Many of the problems appear to lie with the private health insurance companies that are implementing the so-called Medicare Part D program on behalf of the federal government.
Pharmacists have complained they cannot determine whether some beneficiaries are enrolled in a plan and whether their specific drugs are covered by insurance companies. They also have complained that they often cannot get through clogged telephone lines to insurers.
It may take several days to know whether the latest efforts fix the problems.
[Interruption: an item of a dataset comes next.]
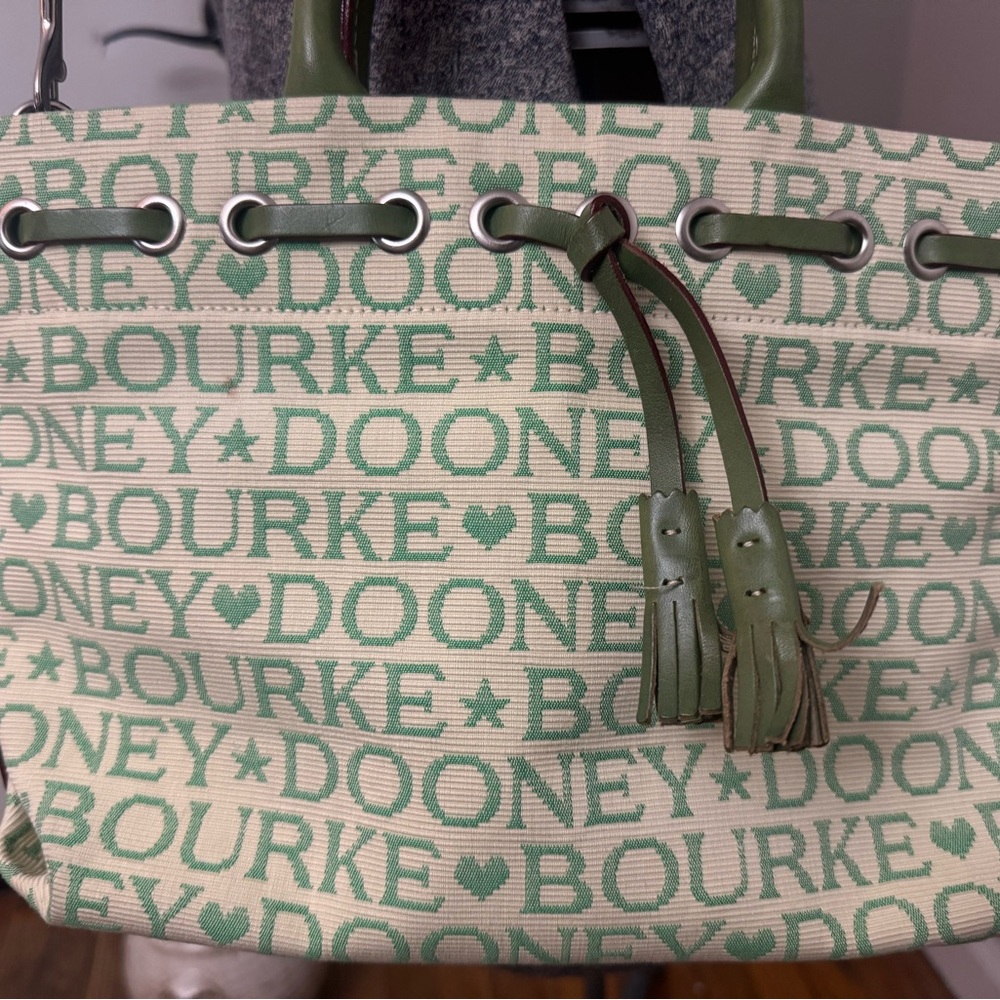 Dooney & Bourke Vintage Signature Heart & Stars Green and Cream Shoulder Bag - Picture 2 of 7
Jim Martin, executive director of the Texas Pharmacy Association in Austin, said Monday that pharmacists’ frustrations are common among his 4,000 members.
“It’s been a fiasco,” Martin said. “Pharmacists are caught in the middle between the government and the private plans.”
In some cases, pharmacists have struggled to get accurate information from the call centers they’re advised to contact for help. And although members have reported things are gradually getting better, “it’s got a long way to go,” Martin said.
The so-called Medicare Part D program was enacted in 2003 by Congress and President Bush and is the biggest expansion of the seniors’ health care plan since it was created in 1965.
So far, Medicare has enrolled 21 million seniors and has set a goal of signing up 28 million to 30 million of its 42 million beneficiaries by this spring. The enrollment period for 2006 closes May 15.
The majority of seniors already in the plan have not experienced problems, and Medicare officials estimate they are filling 1 million prescriptions daily.